Human rights lawyer Amal Clooney has been appointed as the government's special envoy on media freedom, the Foreign Office has announced.
Ms Clooney and Foreign Secretary Jeremy Hunt will work to "counter draconian laws that hinder journalists from going about their work", the FCO said.
Mr Hunt said violence against reporters had reached "alarming levels globally".
Ms Clooney, who will not receive a fee for her work, said she was "honoured" to take on the role.
"Through my legal work defending journalists I have seen first-hand the ways in which reporters are being targeted and imprisoned in an effort to silence them and prevent a free media," added Ms Clooney, who last year joined the legal team defending two Reuters journalists detained in Myanmar.
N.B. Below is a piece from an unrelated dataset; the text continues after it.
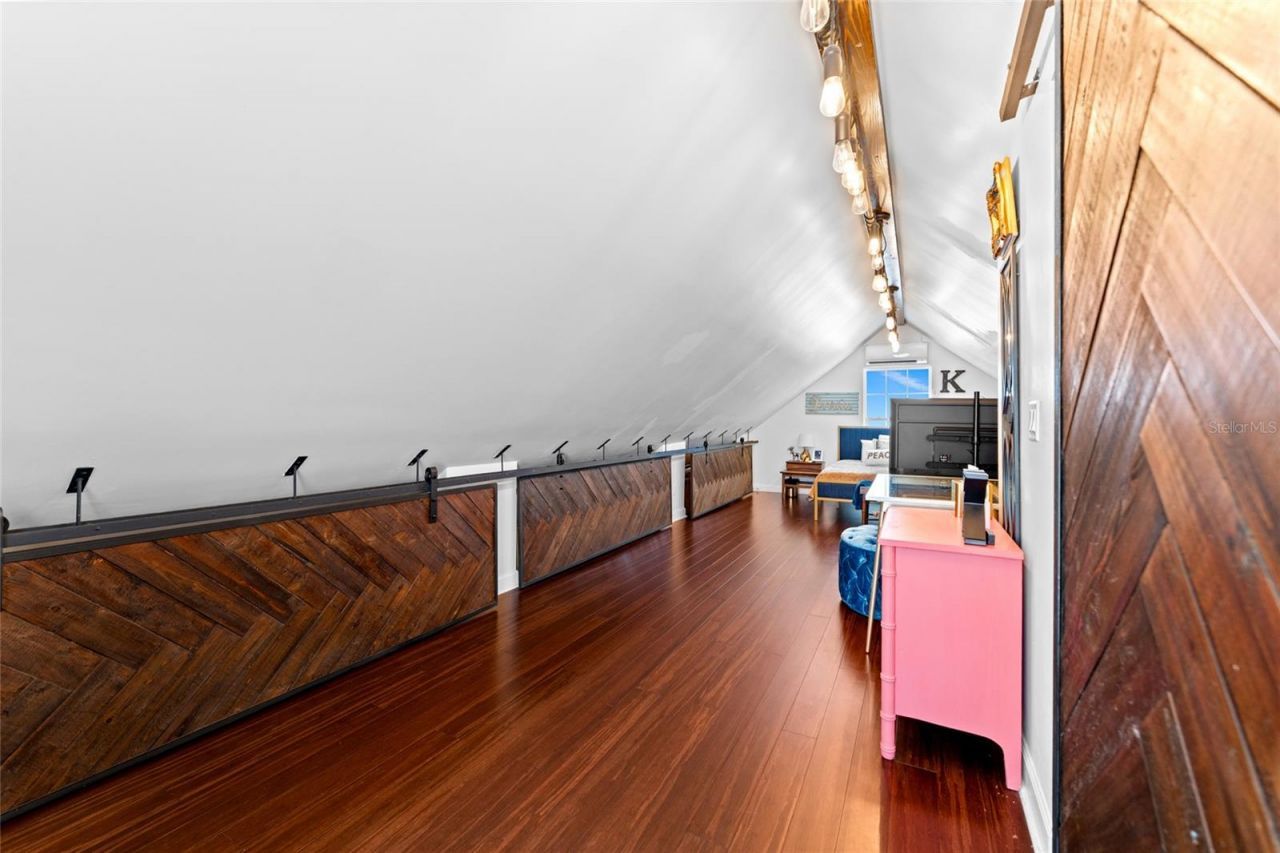 783 30th Avenue N, Saint Petersburg, FL 33704 Photo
British-Lebanese barrister Ms Clooney is known for taking on high-profile human rights cases.
In 2015, she was part of the legal team working towards the release of two Al Jazeera journalists jailed in Egypt.
More recently, she represented Nadia Murad - a Nobel Peace Prize winner who was captured and tortured by so-called Islamic State.
Mr Hunt said Ms Clooney's experience made her "ideally placed" to ensure the UK's efforts to protect global press freedom had "real impact for journalists".
He added: "She will use her expertise to chair a panel comprising the world's best legal minds to develop and promote legal mechanisms to prevent and reverse media abuses."
In 2018, 99 reporters were killed, 348 were detained and 60 were taken hostage worldwide, the FCO said.